Oh, boy! It took me like 3 hours to figure this out.

Here’s the thing: I had a CRUD app with Blazor. In the Update page, I could change images—let’s say, a hinge and other parts used to build a closet. Nothing fancy.

The problem?

After updating the image and redirecting back to the List page, it still showed the previous image. Whaaat?! The API endpoint did update the image.

Since I can’t show you the real code, for obvious reasons, here’s a little corner of the app,

Caching images
After updating my image, it still showed the old one. Arrggg!

It only worked after pressing F5, to reload the entire page.

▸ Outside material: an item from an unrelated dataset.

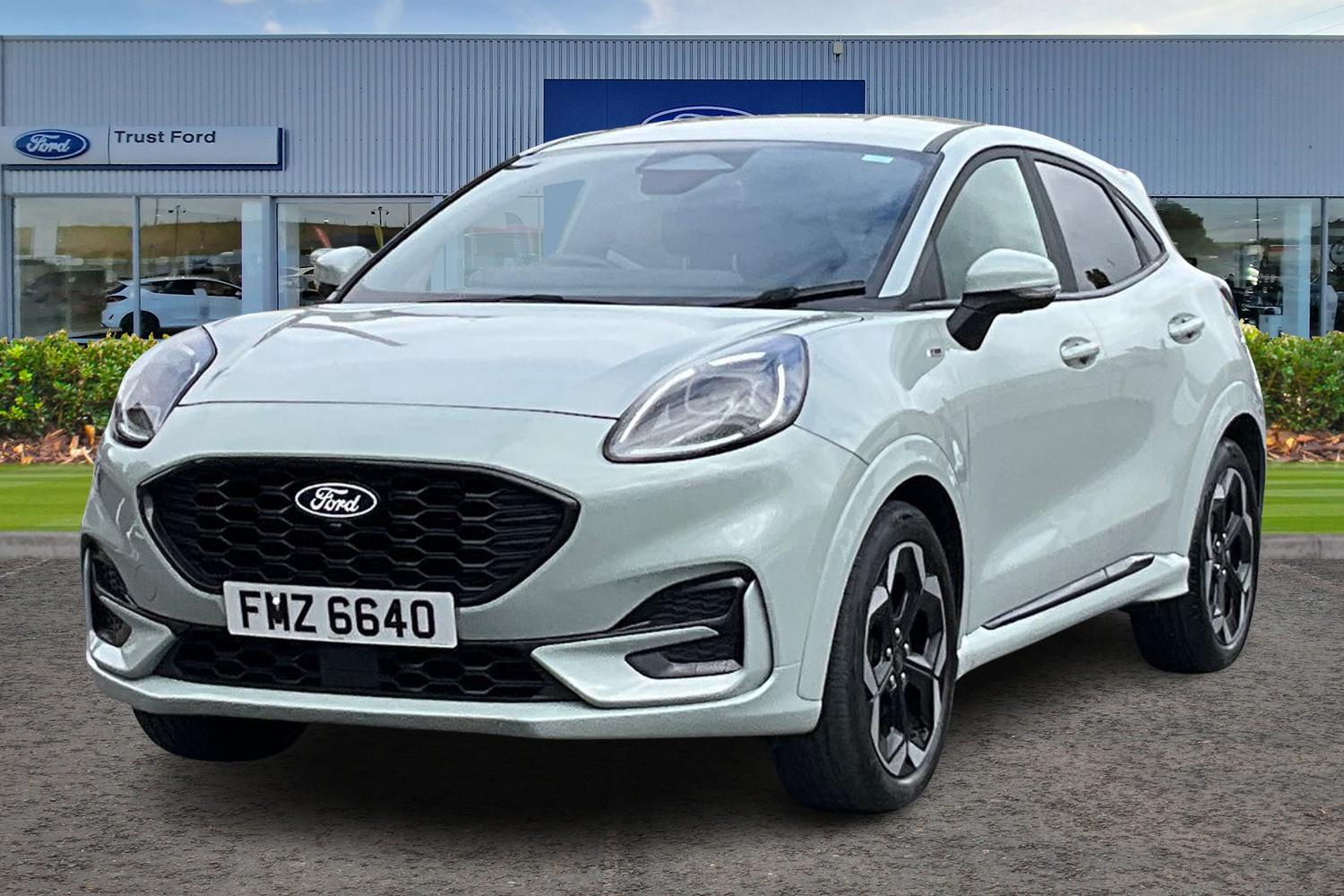 Ford PUMA Photo 4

I tried to solve it by forcing a reload when redirecting from the Update page back to the List page. Like this,

private async Task OnSaveClicked(IBrowserFile? image)
{
    var response = await MyHttpService.HttpPut<SomePutResponse>("api/my-cool-endpoint", _someUpdateRequest);

    if (response != null && image != null)
    {
        await MyHttpService.HttpPostFile<SomeImageResponse>("api/another-cool-endpoint", image);
    }

    NavManager.NavigateTo(Index.Route, forceLoad: true);
    //                                 ^^^^^
}

But sometimes it still showed the old image. Arrggg!

After googling for a while, this SO answer saved my day. It was the browser trolling me all that time.

OK, the API endpoint powering the List page returned a public URL of every image, served from the same server. Every image file was named after the related object ID, something like /public-files/acme-corp/my-cool-object/123.png

Even though the backend changed the images, their URLs were the same. And the browser didn’t notice anything new, so it kept showing the same image, without requesting it from the server.

The solution?

Append a timestamp to every URL. Audit fields are helpful here…I ended up appending the modification date of every image. Like this,

public string GetPublicUrl(string path)
{
    var publicUrl = $"/files/{_companyName}/{path}";
    var modificationAt = GetLastModificationDate(Path.Combine(_someBasePath, path));

    return $"{publicUrl}?ts={modificationAt:HHmmssfff}";
}

private static DateTime GetLastModificationDate(string absolutePath)
{
    try
    {
        var file = new FileInfo(absolutePath);
        return file.LastWriteTimeUtc;
    }
    catch
    {
        return DateTime.UtcNow;
    }
}

Kudos to StackOverflow. Caching trolled me. Again. Total facepalm!